* TRY IT *
Please set down, word for word, the line that contains "パーシモンU (1LDK/2階)の間取り写真" and every line after it to the end of the entries below, omitting the pictures.

* SUPPLIED DATA *
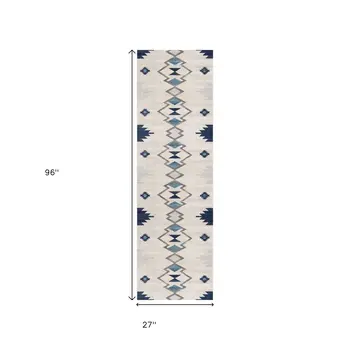 8' Blue And Ivory Southwestern Runner Rug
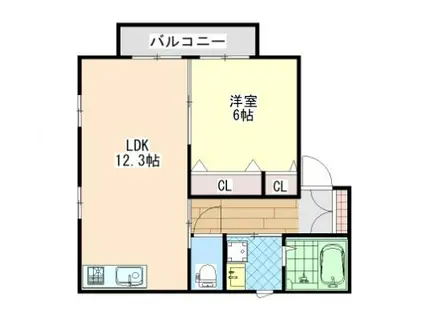 パーシモンU (1LDK/2階)の間取り写真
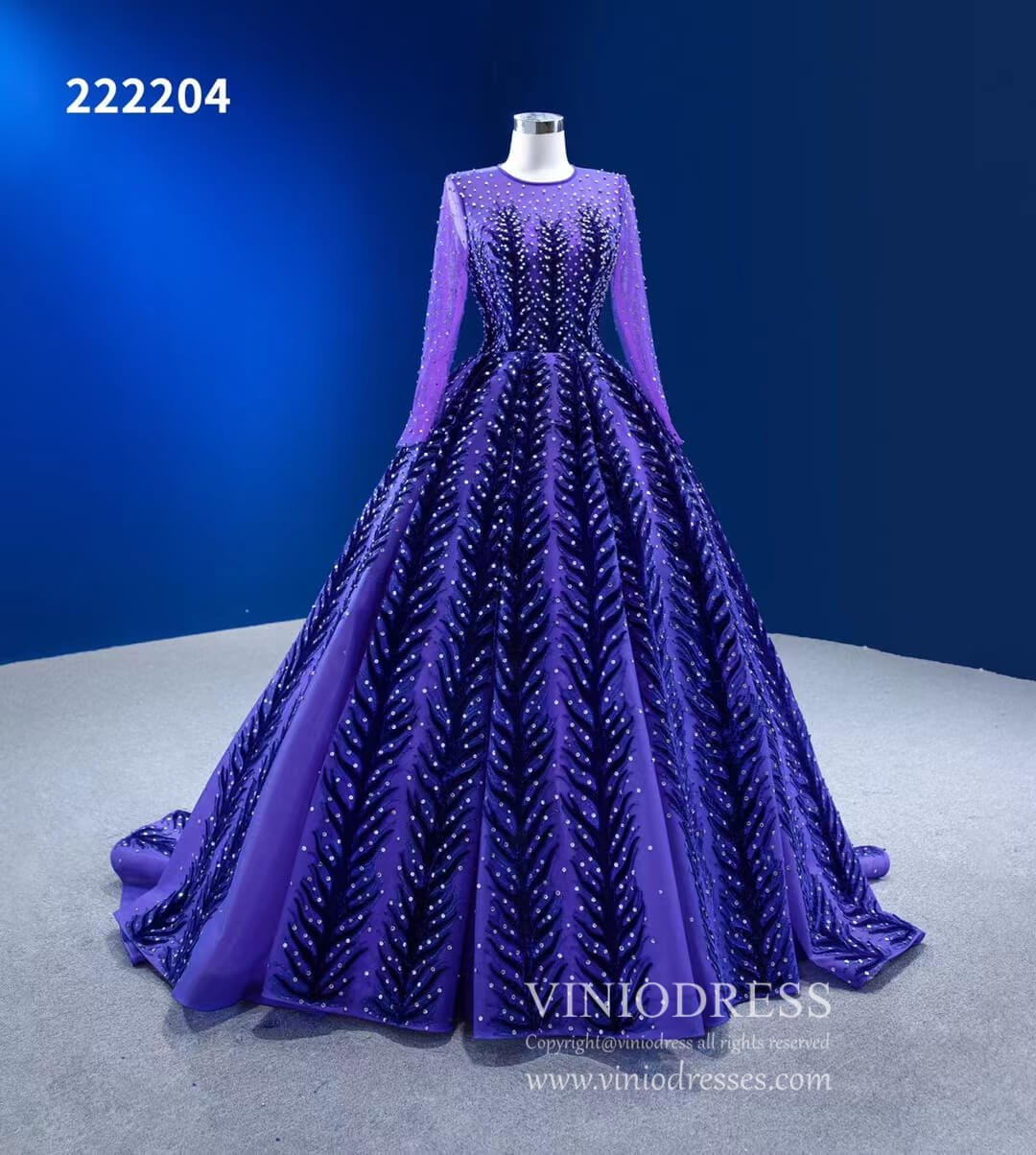 Violet Blue Ball Gowns Beaded Long Sleeve Wedding Dress 222204-Quinceanera Dresses-Viniodress-Viniodress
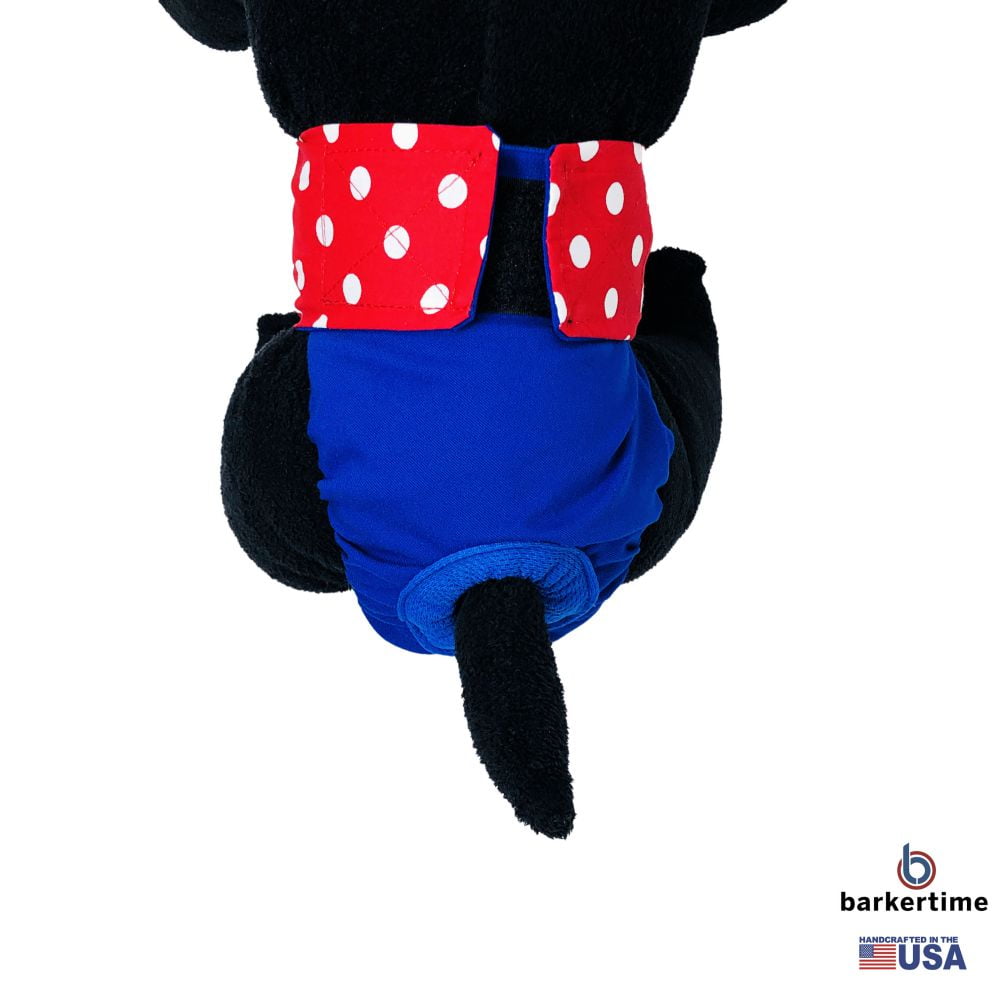 Barkertime Red Polka Dot on Blue Dog Diaper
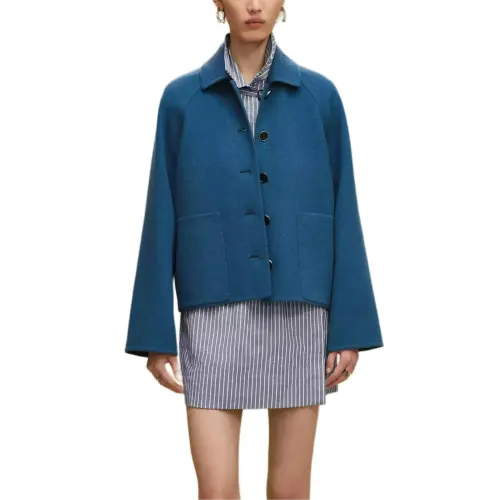 HERMES Coats Women's Blue Lapel Moderate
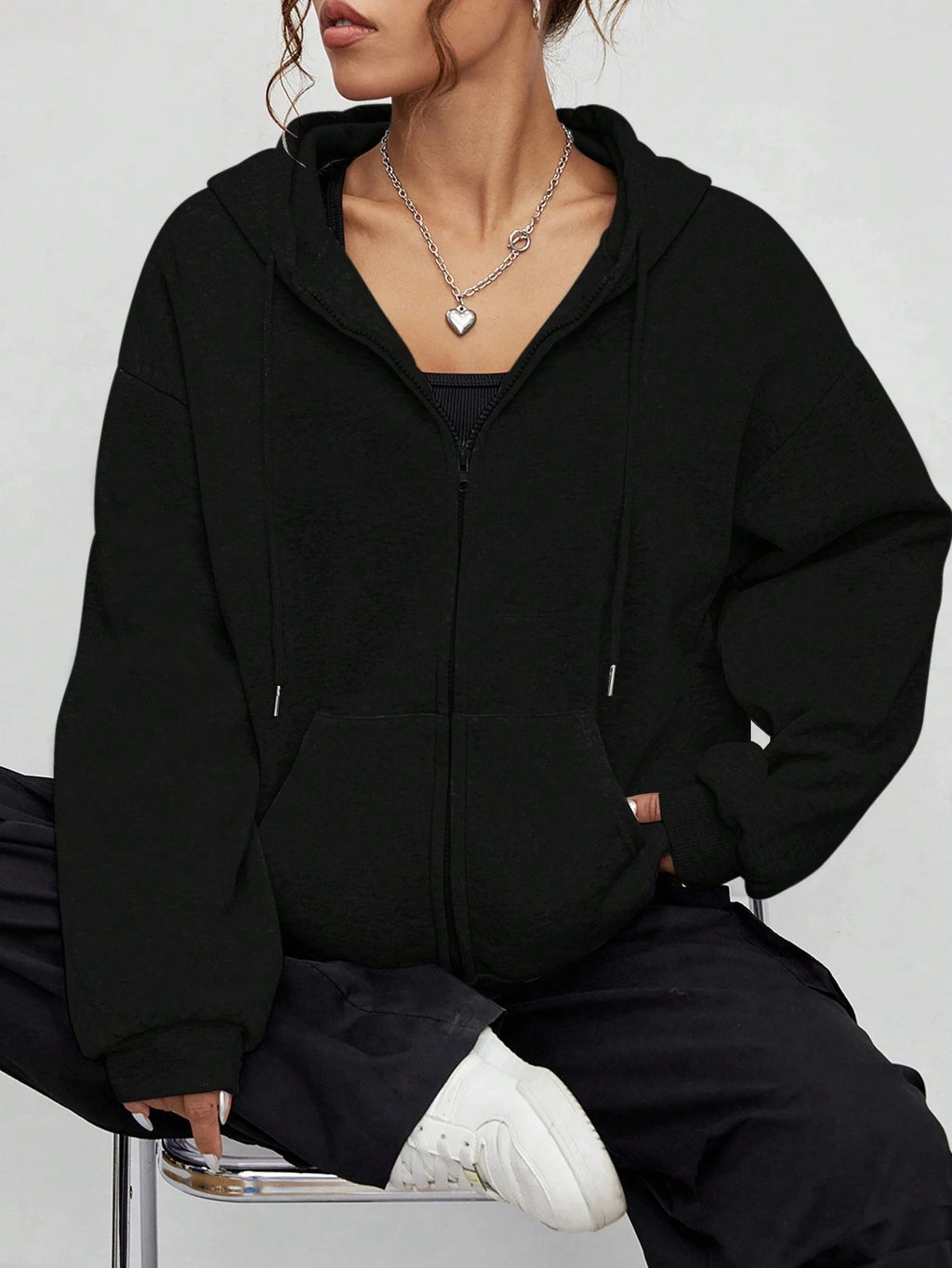 New Solid Zipper Hoodie Women Warm Fleece Hoodies Autumn Casual Hoody  Street Pocket Sportswear Oversized All-Match Female veste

* YOUR SOLUTION *
 パーシモンU (1LDK/2階)の間取り写真
 Violet Blue Ball Gowns Beaded Long Sleeve Wedding Dress 222204-Quinceanera Dresses-Viniodress-Viniodress
 Barkertime Red Polka Dot on Blue Dog Diaper
 HERMES Coats Women's Blue Lapel Moderate
 New Solid Zipper Hoodie Women Warm Fleece Hoodies Autumn Casual Hoody  Street Pocket Sportswear Oversized All-Match Female veste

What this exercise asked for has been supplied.